Zu dieser Jubiläumsveranstaltung haben wir Vereinsmitglieder, Freunde*innen sowie Vertreter*innen unserer Kooperationsparte*innen aus den letzten 10 Jahre eingeladen. Von denen, die sich aus unterschiedlichsten und durchaus guten Gründen für diesen Nachmittag entschuldigten, haben einige Grußworte zugesandt, die wir aufgrund des straffen Programms nicht alle vorlesen konnten.

Aber wir uns erlaubt, diese in einer Schrift während der Veranstaltung auszulegen. Nachfolgend die Texte und zum Download als PDF das Faltblatt

Viel Spaß beim lesen!

Dr. Bergis Schmidt-Ehry
Gründungsmitglied von Wetzlar erinnert e.V.
Berlin, 25.08.2023

Mein Vater war NAZI

Aber durch ihn habe ich gelernt, wie wichtig es ist, den Anfängen zu wehren!

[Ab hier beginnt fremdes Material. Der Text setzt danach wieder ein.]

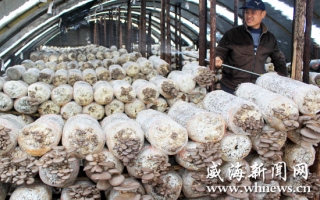 威海农民种植蘑菇长势喜人 ()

Ich bin stolz darauf den Verein Wetzlar Erinnert e.V. mitgegründet zu haben, weil »Wer nicht erinnert, vergisst – wer vergisst, kann wieder schuldig werden«.

Leider gibt es auch in meiner schönen Heimatstadt Wetzlar immer noch Menschen, die glauben »an ihrem Wesen möge das Land genesen« und sich zum »Familientreffen der Schwarm-Intelligenz« vereinen. Menschen, die nicht (wirklich) erinnern. Menschen, die wieder schuldig werden!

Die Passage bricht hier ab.